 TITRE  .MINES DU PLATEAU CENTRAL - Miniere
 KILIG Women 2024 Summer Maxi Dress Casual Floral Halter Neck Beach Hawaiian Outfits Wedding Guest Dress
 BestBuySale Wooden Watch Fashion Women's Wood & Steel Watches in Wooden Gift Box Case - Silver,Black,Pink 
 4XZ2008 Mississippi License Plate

******************************

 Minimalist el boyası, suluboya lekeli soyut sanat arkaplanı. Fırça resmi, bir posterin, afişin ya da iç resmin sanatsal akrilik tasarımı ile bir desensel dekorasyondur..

******************************

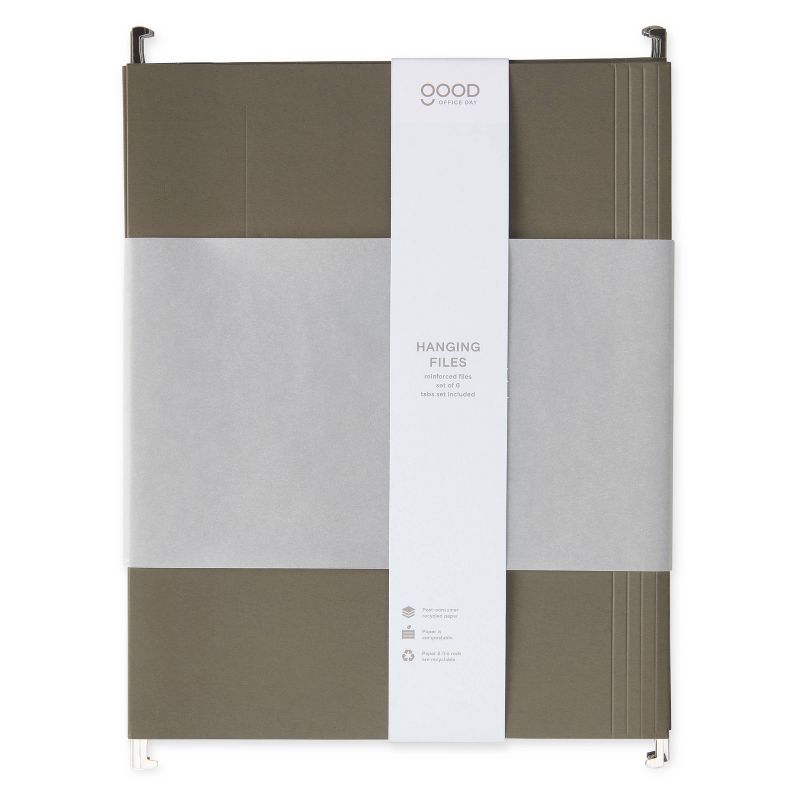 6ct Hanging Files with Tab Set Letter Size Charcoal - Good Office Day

******************************

Task description
Copy whichever lines above contain the string "Women".

Exercise output
 KILIG Women 2024 Summer Maxi Dress Casual Floral Halter Neck Beach Hawaiian Outfits Wedding Guest Dress
 BestBuySale Wooden Watch Fashion Women's Wood & Steel Watches in Wooden Gift Box Case - Silver,Black,Pink 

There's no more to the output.